Кассир порылся в бумагах и положил на прилавок полчервонца…
Фома взял деньги, посмотрел на них с удивлением и вдруг стукнул ладонью по прилавку.
— Эй, дядя! — закричал Фома. — Какие деньги суешь-то, гляди?!
— Какие деньги? — сказал кассир. — Новые деньги…
— Ну? — с удивлением сказал Фома. — Это кто там такое есть? Изображен-то?.. Не мужик ли? Мужик. Ей-богу, мужик. Ну? Не врут, значит, люди. Мужик изображен на деньгах-то. Неужели же не врут? Неужели же мужик в такой силе после революции?
Фома снова подошел к прилавку.
— Дядя, — сказал Фома, — изображен-то кто?

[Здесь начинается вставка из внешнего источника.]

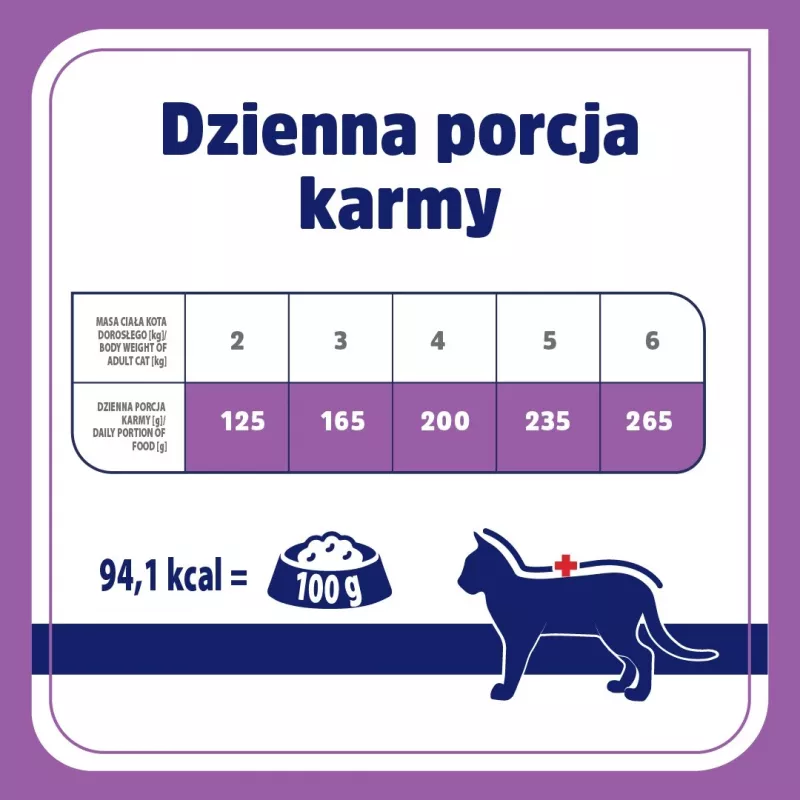 VET RESPONSE Hypoallergenic Pork - märg kassitoit - 85g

Извини за слова…
— Уходи, уходи! — сказал кассир. — Получил деньги и уходи к лешему… Где изображен-то?
— Да на деньгах!
Кассир посмотрел на мужика и сказал усмехаясь:
— Мужик изображен. Ты, ваше величество, заместо царя изображен. Понял?..
Нет, словам Фома бы не поверил. Не такой он человек, чтобы верить словам. Но деньги — это ведь уже не слова: на них, скажем, самогон купить можно… И вот на деньгах, там, где раньше печатался царский портрет, изображен он, Фома Крюков. Или такой же мужик, как он. Стало быть, люди не врут…
Так Фома неверный поверил, что его не обманывали, что власть и впрямь переменилась. Что власть действительно новая. И не просто новая, а ЕГО, Фомы Крюкова, власть! Ведь если вместо портрета царя на деньгах печатают его, Фомы Крюкова, портрет, это значит, что он, Фома, теперь вместо царя!
► «Скажи, пожалуйста, — думал Фома, — портрет выводят… Неужели же мужику царский почет?»
Фома погнал лошадь, но у леса вдруг повернул назад и поехал в город.
Остановился Фома у вокзала, привязал лошадь к забору и вошел в помещение.
Было почти пусто. У дверей, положив под голову мешок, спал какой-то человек в мягкой шляпе.
Фома купил на две копейки семечек и присел на окно, но, посидев минуту, подошел к спящему и вдруг крикнул:
— Эй, шляпа. Слазь со скамьи! Мне сесть надо..
Человек в шляпе раскрыл глаза, оторопело посмотрел на Фому и сел. И, зевая и сплевывая, стал свертывать папироску. Фома присел рядом, отодвинул мешок и стал со вкусом жевать семечки, сплевывая шелуху на пол.
«Не врут, — думал Фома. — Почет все-таки заметный. Слушают. Раньше, может, в рожу бы влепили, а тут слушают, пугаются. Ишь ты, как все случилось, незаметно приключилось… Скажи на милость… Не врут».
Фома от души наслаждается своим новым положением. Но более всего он потрясен тем, что его простой резон («Эй, шляпа, слазь со скамьи! Мне сесть надо!..») возымел действие. Вот тут он уже окончательно уверился: не врали те, что обещали ему: «Кто был никем, тот станет всем!»